The substituted cargo — a shipper at one station loads you with goods that don't match the manifest. By the time you arrive, you cannot sell legally and cannot return. Inspect cargo before accepting.

The trusted intermediary — someone offers to broker a complex trade for a small fee. The trade is real; the broker is not. Verify intermediaries through the IPU bounty board.

Continued.

  1. Insurance and Cargo

Brace insurance covers your hull but not your cargo. This is by design. Brace will not insure cargo, no matter what you pay.

If you must protect a cargo run: convoy with other pilots (cheap, social), contract Stargate Watch escort on backbone routes (mid-cost, official), or pay a Halo transit fee preemptively (informal, frowned upon).

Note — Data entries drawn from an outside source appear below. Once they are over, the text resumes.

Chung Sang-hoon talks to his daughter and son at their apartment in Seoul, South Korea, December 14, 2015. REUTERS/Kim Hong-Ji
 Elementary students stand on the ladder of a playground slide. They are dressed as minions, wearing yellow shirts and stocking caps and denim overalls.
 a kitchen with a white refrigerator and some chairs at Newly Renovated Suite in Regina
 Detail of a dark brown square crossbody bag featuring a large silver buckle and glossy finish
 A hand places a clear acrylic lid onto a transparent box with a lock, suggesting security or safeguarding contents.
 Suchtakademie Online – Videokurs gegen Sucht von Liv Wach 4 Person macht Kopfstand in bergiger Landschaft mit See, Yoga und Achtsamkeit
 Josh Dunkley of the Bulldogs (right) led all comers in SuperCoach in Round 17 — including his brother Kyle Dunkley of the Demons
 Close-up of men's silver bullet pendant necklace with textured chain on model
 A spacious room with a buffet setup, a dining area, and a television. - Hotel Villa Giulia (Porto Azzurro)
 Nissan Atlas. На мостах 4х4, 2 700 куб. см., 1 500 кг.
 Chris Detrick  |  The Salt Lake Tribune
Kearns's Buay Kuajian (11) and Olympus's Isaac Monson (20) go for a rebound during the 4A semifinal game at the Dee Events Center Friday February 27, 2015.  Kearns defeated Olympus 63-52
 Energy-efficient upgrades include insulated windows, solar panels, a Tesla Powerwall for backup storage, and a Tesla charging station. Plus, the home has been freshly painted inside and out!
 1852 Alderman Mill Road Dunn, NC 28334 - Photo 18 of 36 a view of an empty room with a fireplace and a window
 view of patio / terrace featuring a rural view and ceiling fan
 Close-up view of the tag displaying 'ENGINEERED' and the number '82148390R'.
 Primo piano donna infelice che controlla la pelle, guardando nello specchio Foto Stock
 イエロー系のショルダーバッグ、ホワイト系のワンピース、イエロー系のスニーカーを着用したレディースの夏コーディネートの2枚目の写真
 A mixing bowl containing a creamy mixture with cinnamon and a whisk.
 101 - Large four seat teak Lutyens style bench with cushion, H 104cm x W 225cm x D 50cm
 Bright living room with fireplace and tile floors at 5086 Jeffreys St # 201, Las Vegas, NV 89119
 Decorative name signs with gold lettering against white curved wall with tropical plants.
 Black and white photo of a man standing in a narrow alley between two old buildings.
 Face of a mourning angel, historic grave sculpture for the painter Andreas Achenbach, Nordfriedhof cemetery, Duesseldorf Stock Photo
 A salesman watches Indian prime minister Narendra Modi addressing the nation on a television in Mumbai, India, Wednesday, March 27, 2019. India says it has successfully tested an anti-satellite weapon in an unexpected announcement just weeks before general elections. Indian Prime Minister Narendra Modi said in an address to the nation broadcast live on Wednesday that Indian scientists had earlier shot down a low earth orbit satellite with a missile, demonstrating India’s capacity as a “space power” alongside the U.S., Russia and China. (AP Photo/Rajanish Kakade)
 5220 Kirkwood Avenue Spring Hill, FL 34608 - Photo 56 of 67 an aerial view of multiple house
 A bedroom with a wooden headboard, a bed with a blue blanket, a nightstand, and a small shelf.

The Almanac does not endorse the third option. The Almanac acknowledges that some pilots use it.

Continued.

  1. Last Notes

Trade is one of the few honest professions left in the new era. It rewards patience, precision, and a tolerance for waiting.

If you are starting out: keep a journal. Note your routes, your fees, your delays. The patterns become visible after about two standard years.

The Trade Council is available for consultation at Ceres Yards. We do not charge for advice. We do appreciate corrections.

Trade well.

— The Trade Council

End of Almanac

A Pilot's Almanac, ES 89 Edition. Compiled by the Ceres Commune Trade Council. Distributed at cost. Next edition expected ES 90.